It seems to me that Ellis could be referring to as many as three distinct ideas here. First he says something about creating "simulated data generated by a model under the null hypothesis of no relation." I would call this a form of parametric bootstrapping. Then he says that this would be "probably based on resampling the times between each event (eg between each yawn) to create a new set of time stamps for hypothetical null model events." Which, let's just be clear here, to do this is not to "create simulated data." We are instead, if I understand correctly, resampling from our actually observed data. This latter procedure is either a permutation test or nonparametric bootstrapping, depending on how the resampling takes place.

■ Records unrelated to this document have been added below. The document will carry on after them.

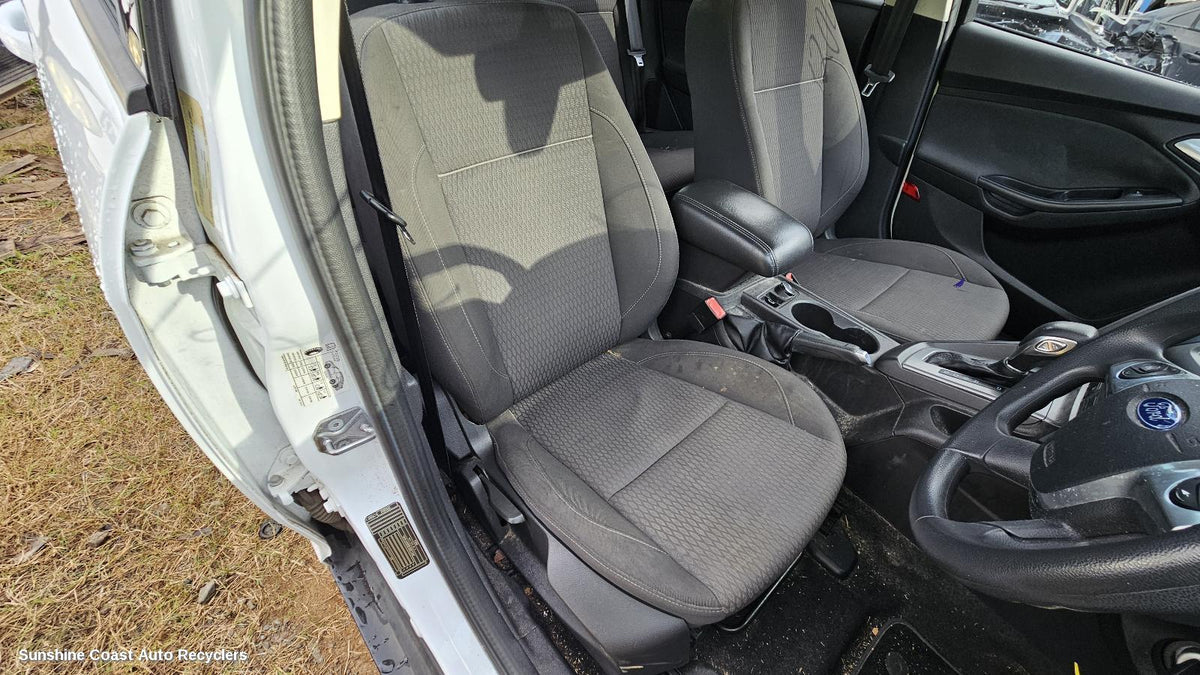 2011-2015 Ford Focus Front Seat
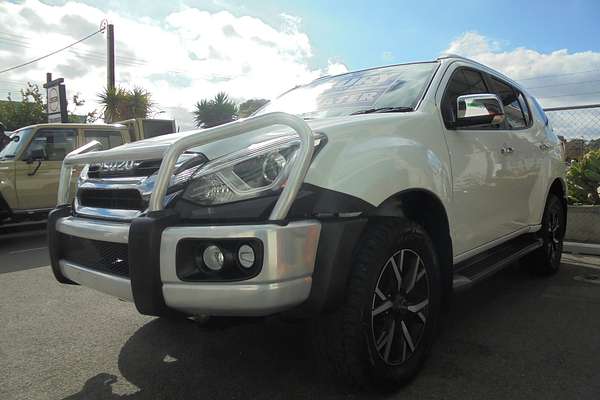 2021 Isuzu MU-X LS-T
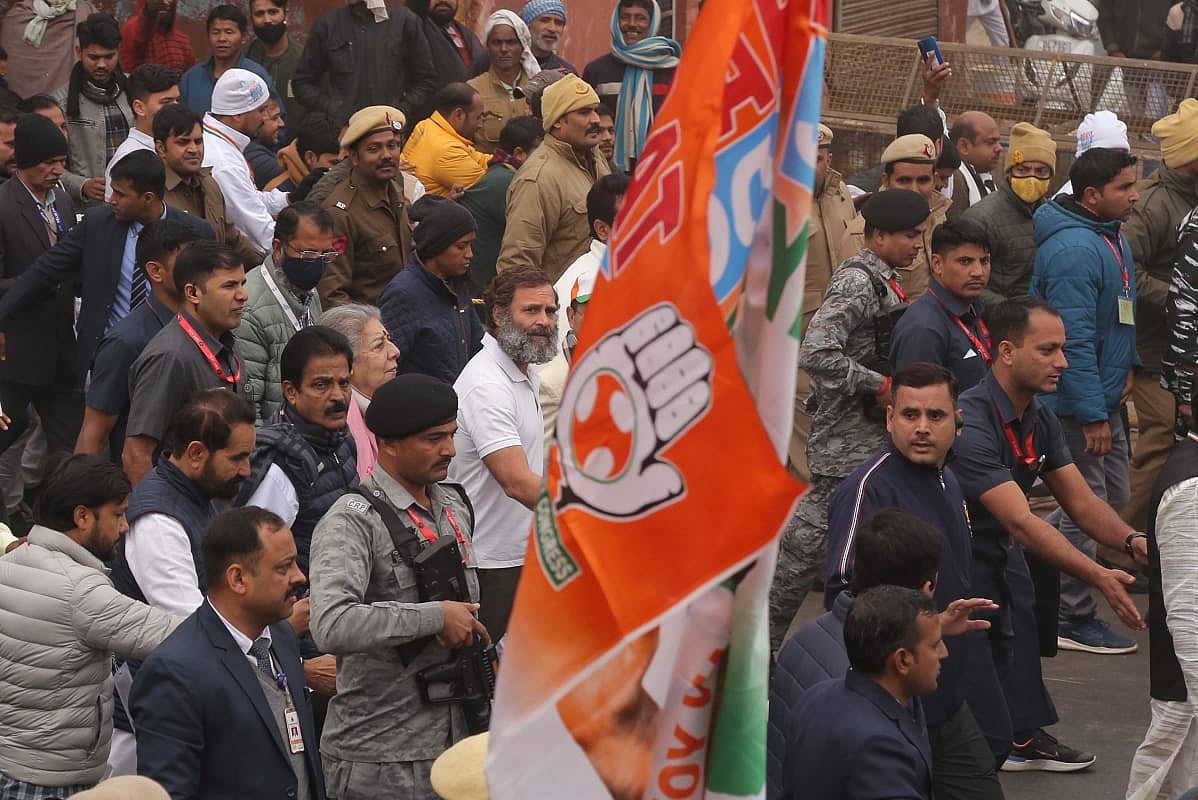 اہم خبریں: آخری گیند تک چلے دلچسپ مقابلے میں ہندوستان نے سری لنکا کو 2 رنوں سے دی شکست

I guess I should say a few more words about parametric bootstrapping, permutation tests, and nonparametric bootstrapping.
Usually parametric bootstrapping is done by simulating based on the actually estimated model, and not based on a hypothetical model that is just like the estimated model except the null hypothesis is assumed true, as Ellis seems to suggest at first. By "simulate data" I mean something like as an example: my model states that my data come from two groups, each with a normal distribution, with means $\mu_1$ and $\mu_2$, respectively, and standard deviation $\sigma$, so I will generate many sets of data that satisfy this and use the distribution of test statistics computed from each of these simulated datasets as my sampling distribution. Note, I am creating this data using something like rnorm()
in R
, not directly using my observed data. Now, one could certainly do this procedure and get a sort of sampling distribution under the null hypothesis of, say, no difference in group means--we would just assume $\mu_1=\mu_2$ in all the simulated datasets, contrary to what we actually observed--and in this way we get a bootstrapped p-value (rather than a bootstrapped confidence interval, which is what the former/traditional method affords you). Again, I would just call this a way of obtaining a p-value via parametric bootstrapping.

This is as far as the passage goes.